(Source data)
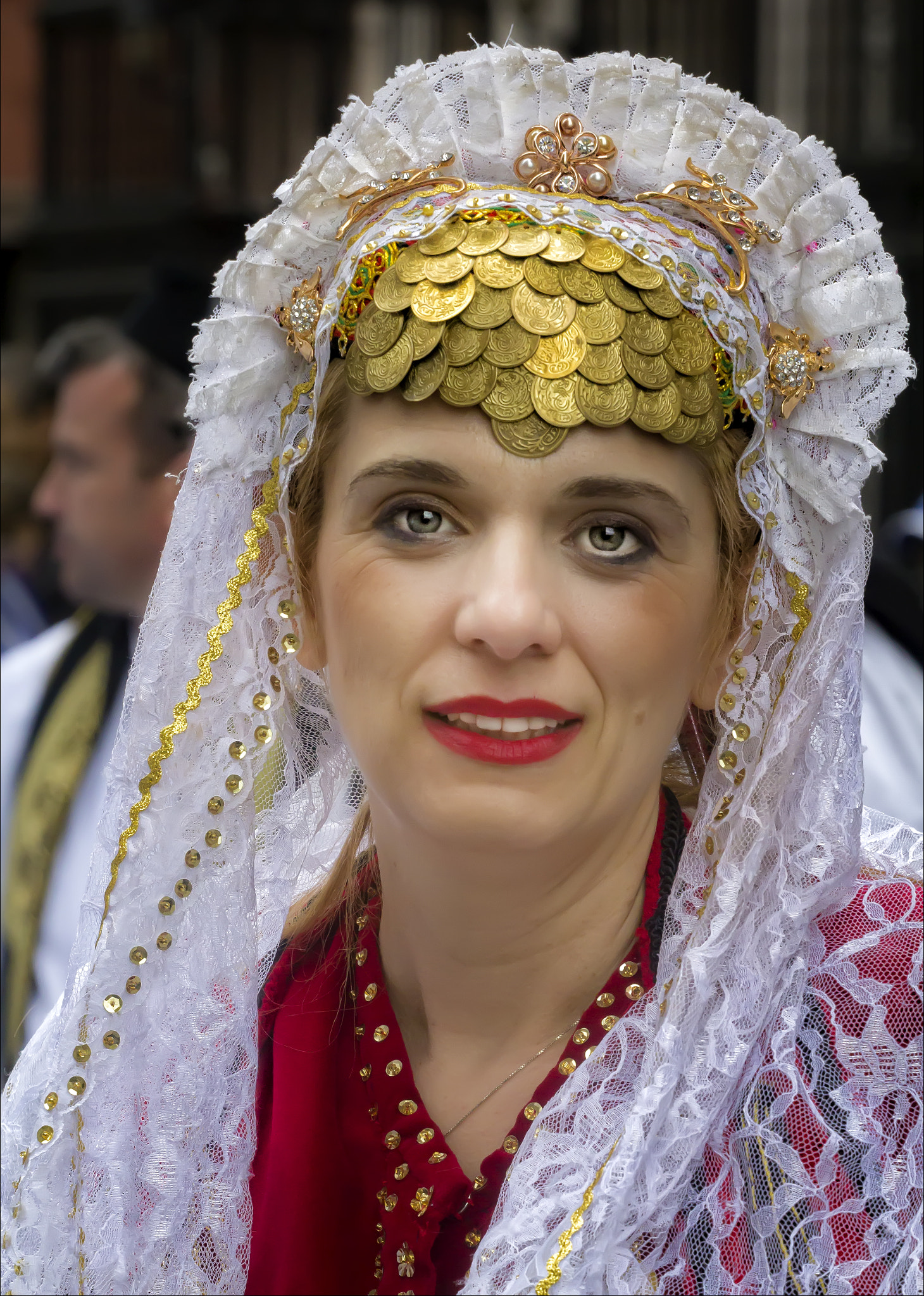 Canon EOS 60D + Canon EF 70-200mm F4L USM sample photo. Greek independence day nyc 2017 woman in traditional dress photography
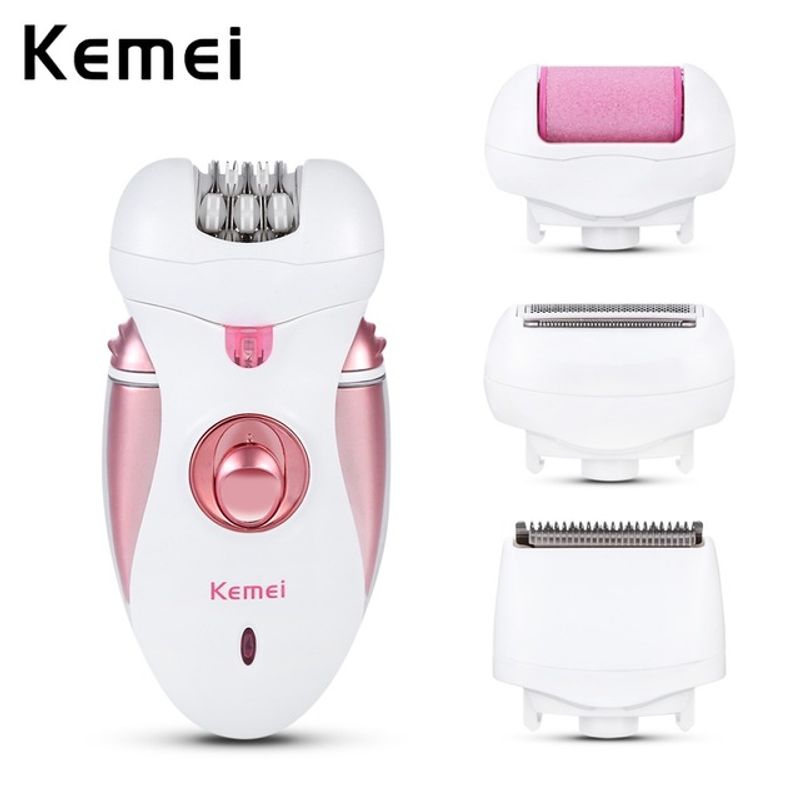 Kemei KM-2530 4 In 1 Rechargeable Women Electric Feet Care Tool Lady Epilator Hair Removal Shaver Cordless_voghion.com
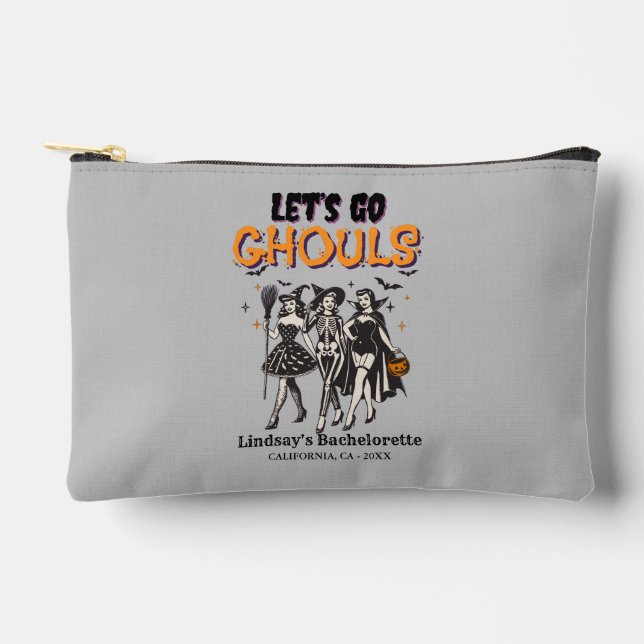 Halloween Bachelorette let's go ghoul Accessory Pouch (Front)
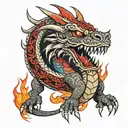 Angry dragon with red eyes, fire-breathing, and mandala patterns. tattoo design idea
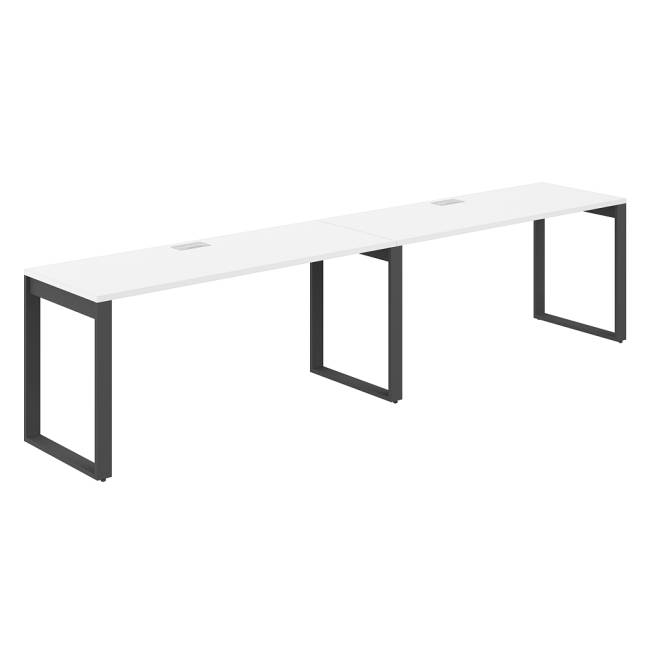 AG.173.WH.L.72.AN / Рабочая станция s-b-s 3200х600х750 / профиль О-образный: 70х20 антрацит; лючок: серебро; столешница: белый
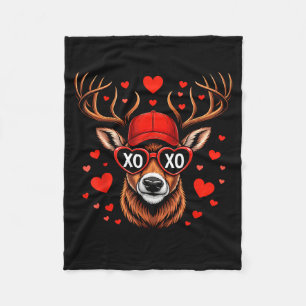 XOXO Valentinstag Bock Camo Hirsch Retro Jagd Jung Fleecedecke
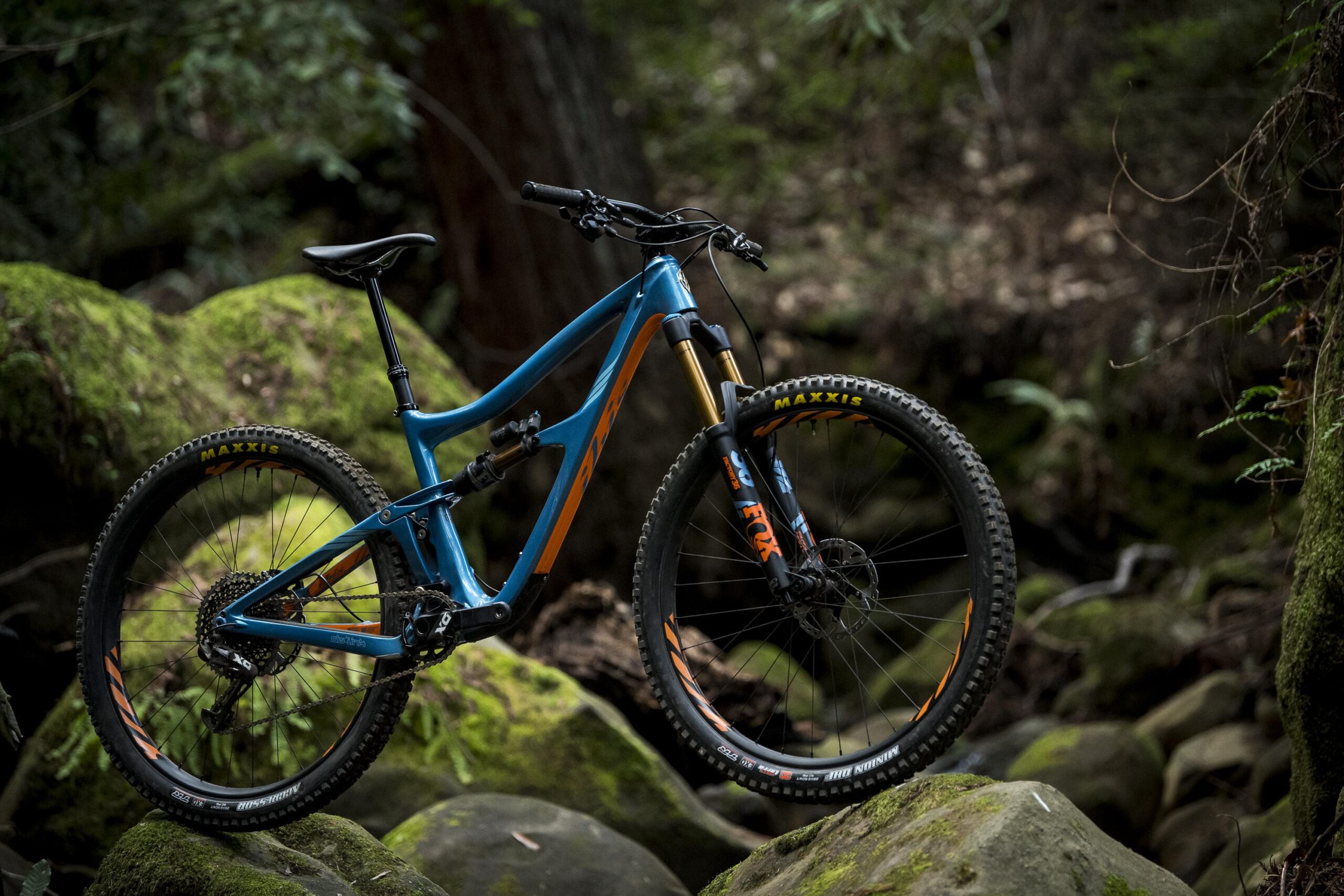 Ibis RipMo: A blue and orange mountain bike is positioned on moss-covered rocks in a forested area. The bike features a full suspension setup, rugged tires labeled "MAXXIS," and is surrounded by greenery, highlighting an outdoor adventure setting.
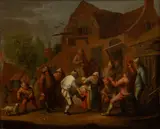 David Teniers the Younger, Untitled, Oil on Canvas Ca. 18th/19th C., "Village Merriment Scene"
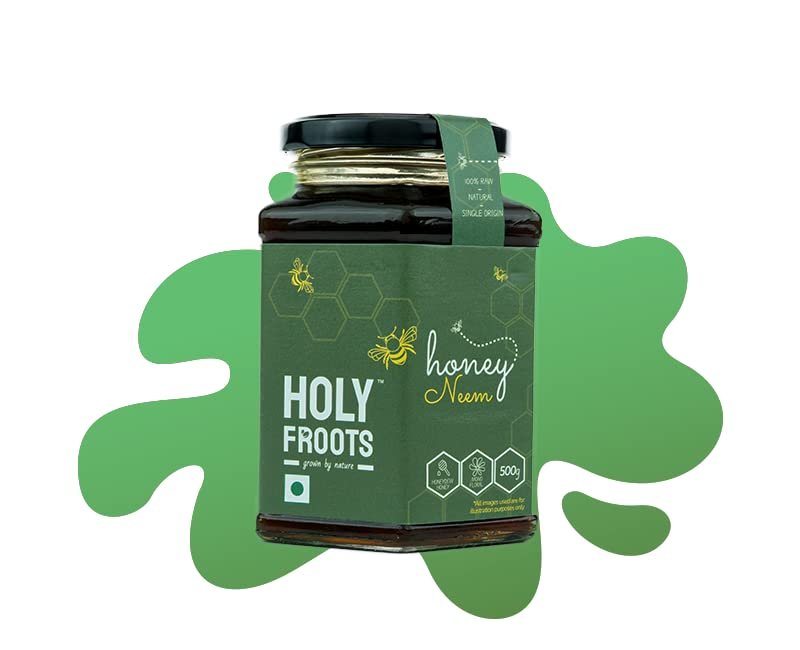 HOLYFRUITS Neem Honey 330 Grams | 100% Raw, Natural, Single Origin |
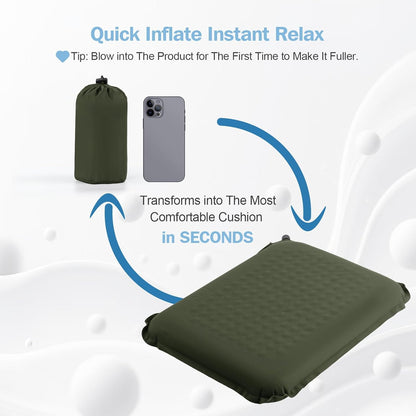 Self-Inflating Airplane Seat Cushion for Long Flights – Portable Travel Cushion Airplane Seat - Memory Foam Travel Seat Cushion Providing Pressure Relief and Premium Comfort (Olive Green)
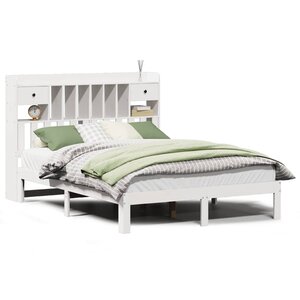 vidaXL Lit bibliothèque sans matelas blanc 135x190 cm bois pin massif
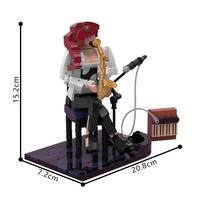 Gobricks MY OWN CREATION Jazz Saxophonist Blocks Miniature Music Performance Jazz Singer Building Blocks Large Swingin Band Playthings Present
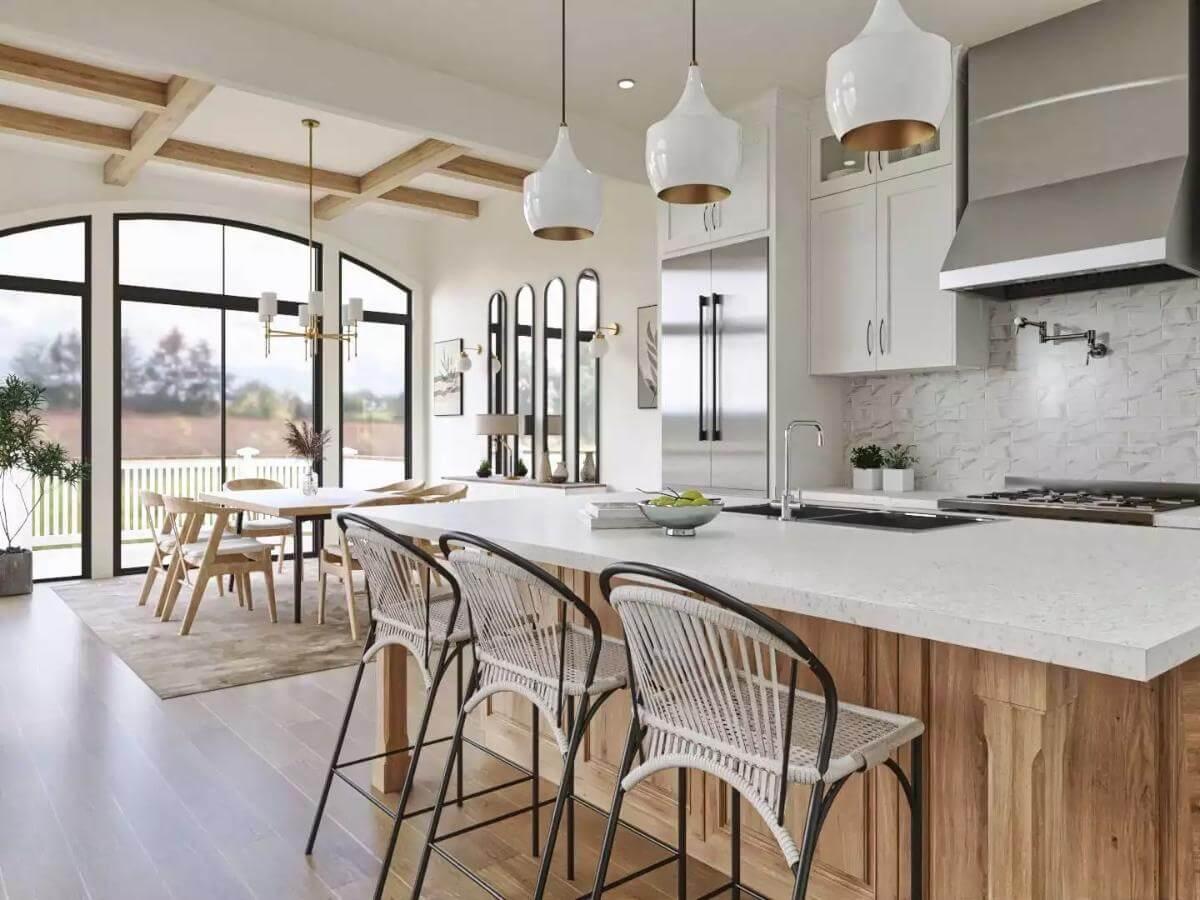 Look at the Open Layout in This Modern Kitchen and Dining Area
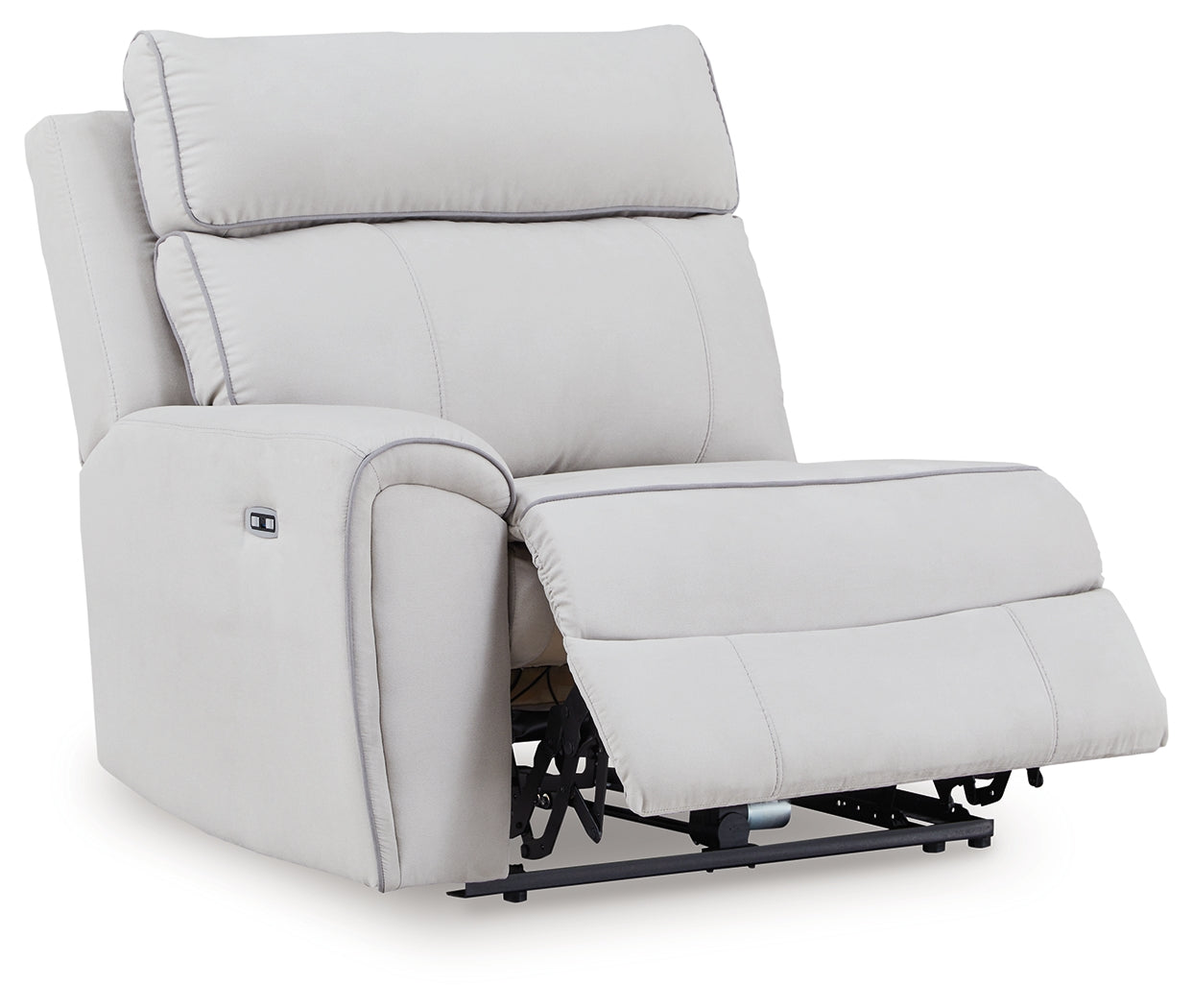 Social Pointe Pearl/Ash Chenille 5-Piece Reclining Sectional with Storage Consoles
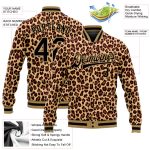 Personalized Leopard 3D Bomber Varsity Jacket in Brown and Black Old Gold Full-Snap Personalized Brown Black-Old Gold Leopard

DIRECTIONS:
Leave every picture out, and transcribe the data above exactly as it reads.

SOLUTION:
 Canon EOS 60D + Canon EF 70-200mm F4L USM sample photo. Greek independence day nyc 2017 woman in traditional dress photography
 Kemei KM-2530 4 In 1 Rechargeable Women Electric Feet Care Tool Lady Epilator Hair Removal Shaver Cordless_voghion.com
 Halloween Bachelorette let's go ghoul Accessory Pouch (Front)
 Angry dragon with red eyes, fire-breathing, and mandala patterns. tattoo design idea
 AG.173.WH.L.72.AN / Рабочая станция s-b-s 3200х600х750 / профиль О-образный: 70х20 антрацит; лючок: серебро; столешница: белый
 XOXO Valentinstag Bock Camo Hirsch Retro Jagd Jung Fleecedecke
 Ibis RipMo: A blue and orange mountain bike is positioned on moss-covered rocks in a forested area. The bike features a full suspension setup, rugged tires labeled "MAXXIS," and is surrounded by greenery, highlighting an outdoor adventure setting.
 David Teniers the Younger, Untitled, Oil on Canvas Ca. 18th/19th C., "Village Merriment Scene"
 HOLYFRUITS Neem Honey 330 Grams | 100% Raw, Natural, Single Origin |
 Self-Inflating Airplane Seat Cushion for Long Flights – Portable Travel Cushion Airplane Seat - Memory Foam Travel Seat Cushion Providing Pressure Relief and Premium Comfort (Olive Green)
 vidaXL Lit bibliothèque sans matelas blanc 135x190 cm bois pin massif
 Gobricks MY OWN CREATION Jazz Saxophonist Blocks Miniature Music Performance Jazz Singer Building Blocks Large Swingin Band Playthings Present
 Look at the Open Layout in This Modern Kitchen and Dining Area
 Social Pointe Pearl/Ash Chenille 5-Piece Reclining Sectional with Storage Consoles
 Personalized Leopard 3D Bomber Varsity Jacket in Brown and Black Old Gold Full-Snap Personalized Brown Black-Old Gold Leopard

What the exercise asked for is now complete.